[Crawled caption data]
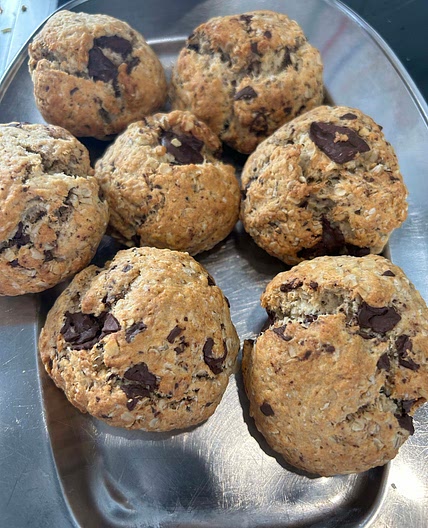 Oat Chocolate Chip Cookies
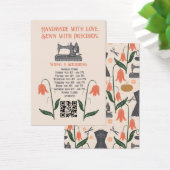  naaimachine naaister kleermaker visitekaartje (Bureau)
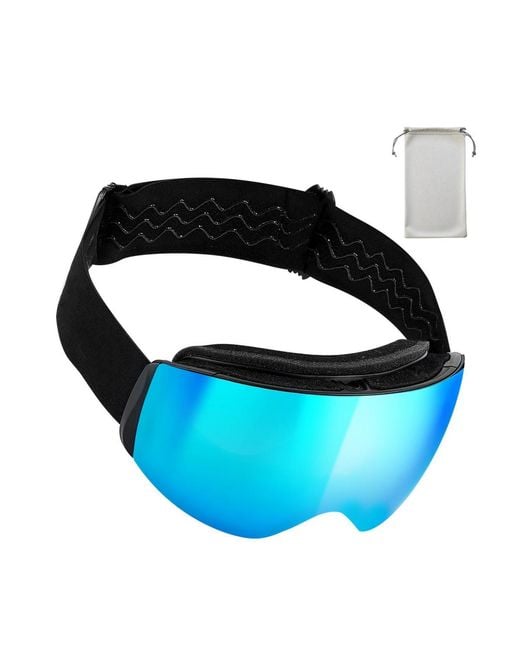 Sevorley Blue Frameless Ski goggles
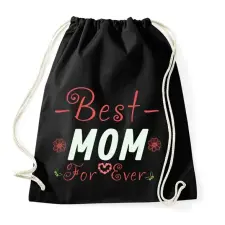 PRINTFASHION best mom - Sportzsák, Tornazsák - Fekete tornazsák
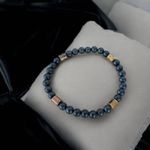 Fashion, accesorii si bijuterii - Barbati - Bijuterii barbati - Bratari barbati - Bratara barbati din Onix negru mat si Ochi de tigru, Nandor - Infinity.ro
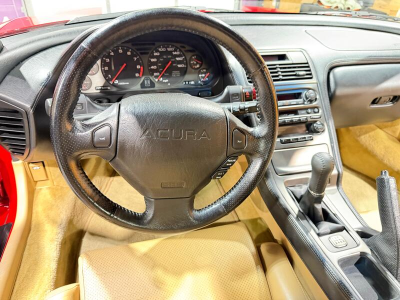 2000 Acura NSX in New Formula Red over Tan
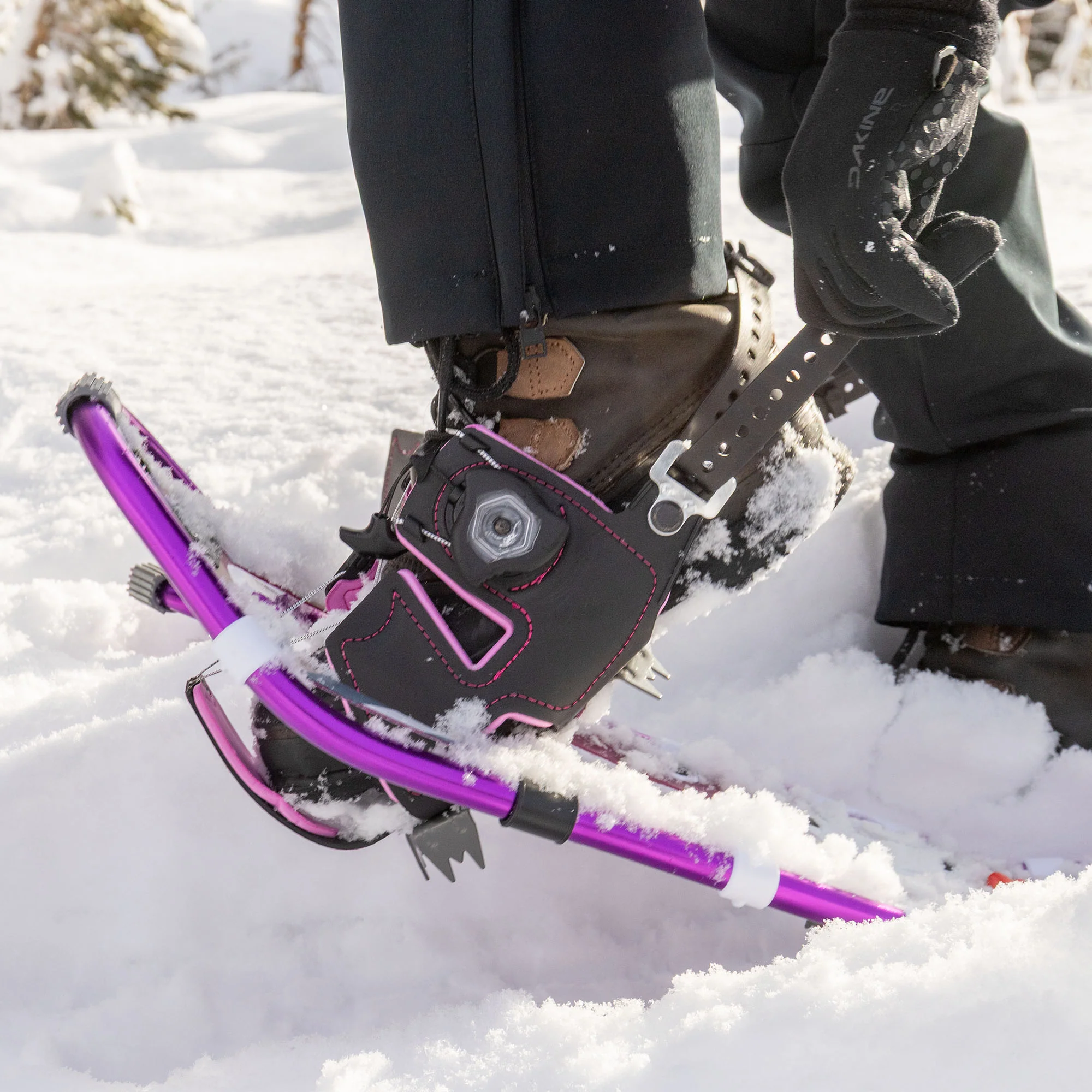 Lolo Pass Series Women's Snowshoe Kit - Dewberry - Image 3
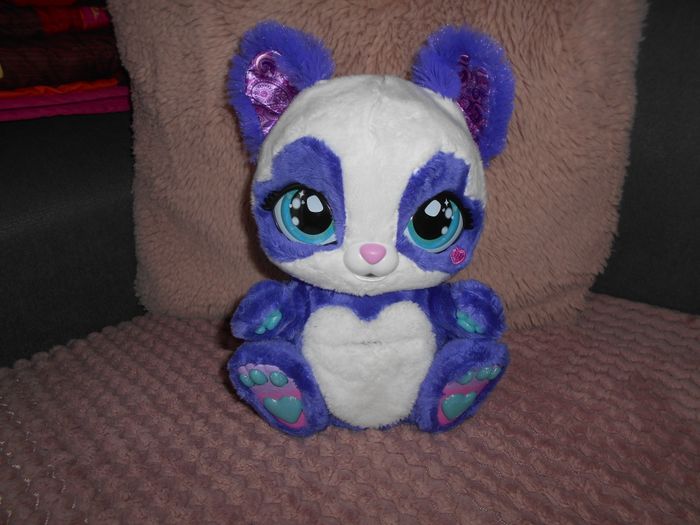 Peluche interactive maman panda et son bébé surprise (Peek-A-Roo)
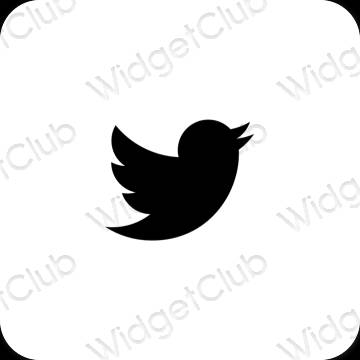 Esthetische Twitter app-pictogrammen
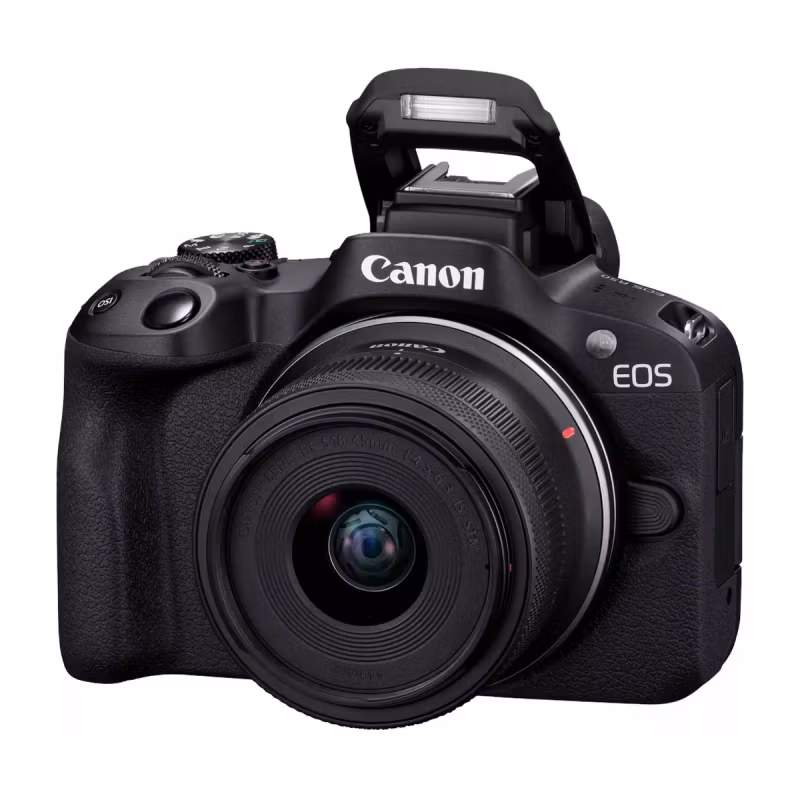 Canon Eos R50 Spegelfri kamera Svart + Rf-S 18–45 mm Is stm-objektiv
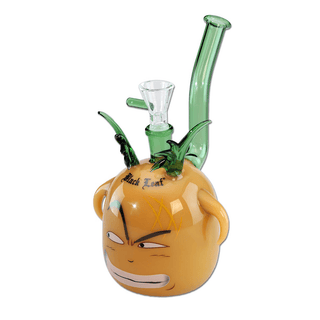 Bong din sticla 'BLACK LEAF' Grumpy | 20cm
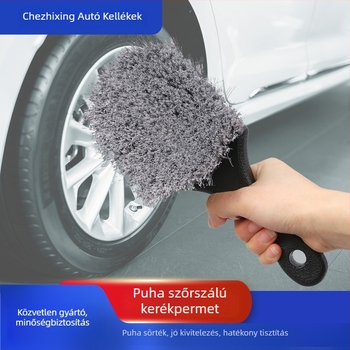 Autómosó ecset gumik és felnik tisztítására, műanyagból, márka nélküli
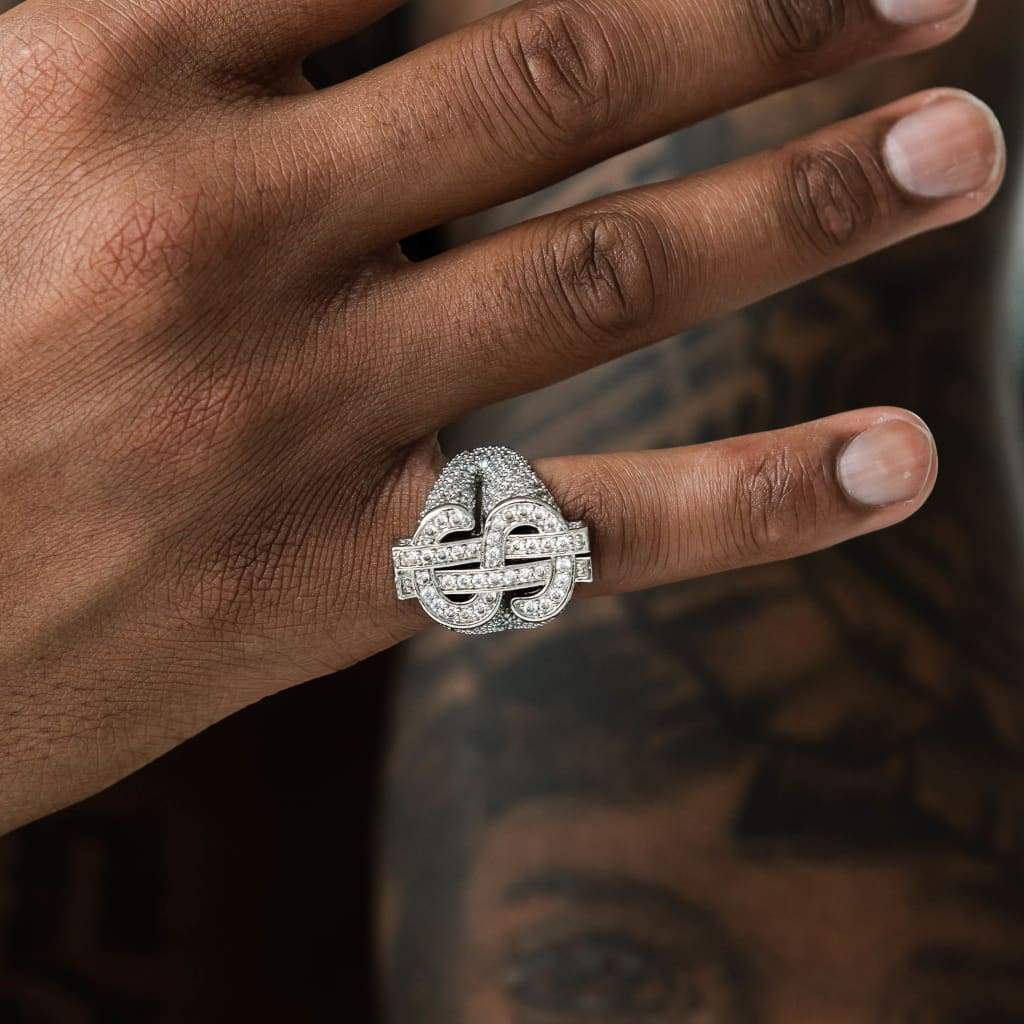 Men's ring with dollar sign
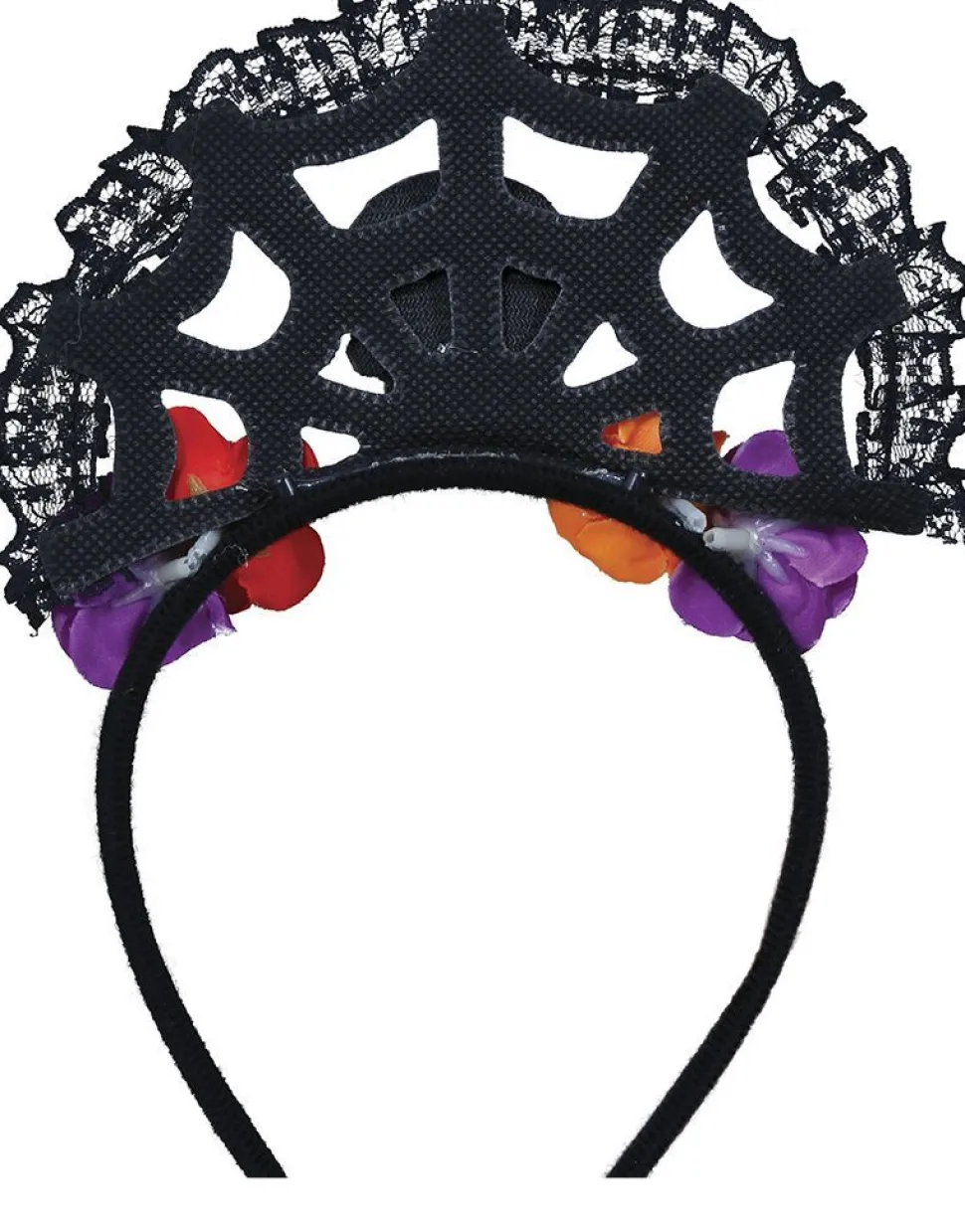 Dia De Los Muertos Haarband Bloemen En Doodshoofd
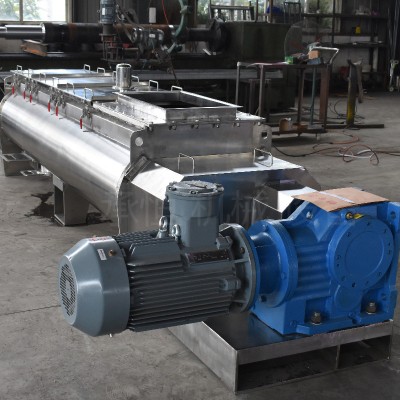 金刚砂耐磨混合双轴无重力混合机图3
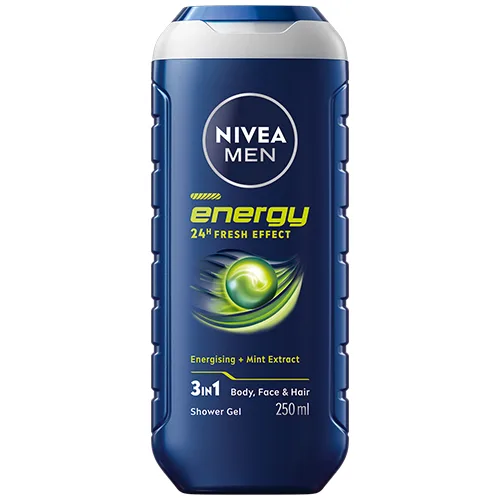 Gel de dus pentru barbati Energy Men, 250ml, Nivea — preț și oferte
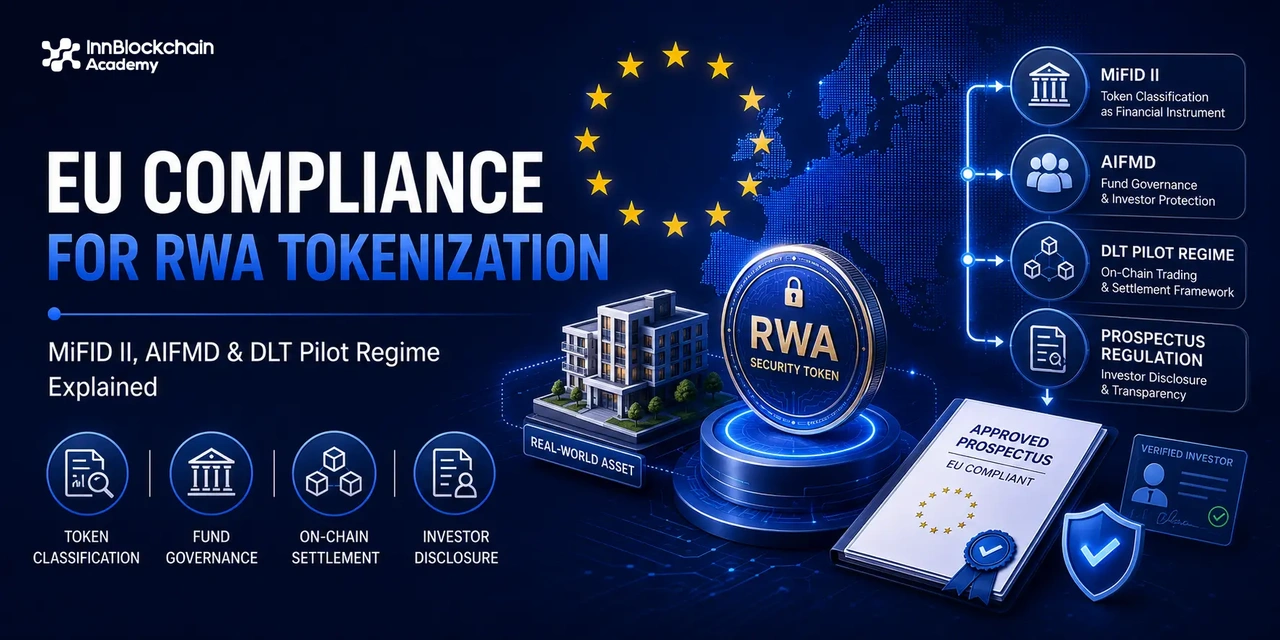 EU Compliance for RWA Tokenization: MiFID II, AIFMD & DLT Pilot Regime Explained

* **WORK ITEM**: Only the lines from the one holding "2000 Acura NSX in New Formula Red over Tan" through the end of the data are to be printed, exactly as they stand and with no pictures.

* **FINISHED EXERCISE**:
 2000 Acura NSX in New Formula Red over Tan
 Lolo Pass Series Women's Snowshoe Kit - Dewberry - Image 3
 Peluche interactive maman panda et son bébé surprise (Peek-A-Roo)
 Esthetische Twitter app-pictogrammen
 Canon Eos R50 Spegelfri kamera Svart + Rf-S 18–45 mm Is stm-objektiv
 Bong din sticla 'BLACK LEAF' Grumpy | 20cm
 Autómosó ecset gumik és felnik tisztítására, műanyagból, márka nélküli
 Men's ring with dollar sign
 Dia De Los Muertos Haarband Bloemen En Doodshoofd
 金刚砂耐磨混合双轴无重力混合机图3
 Gel de dus pentru barbati Energy Men, 250ml, Nivea — preț și oferte
 EU Compliance for RWA Tokenization: MiFID II, AIFMD & DLT Pilot Regime Explained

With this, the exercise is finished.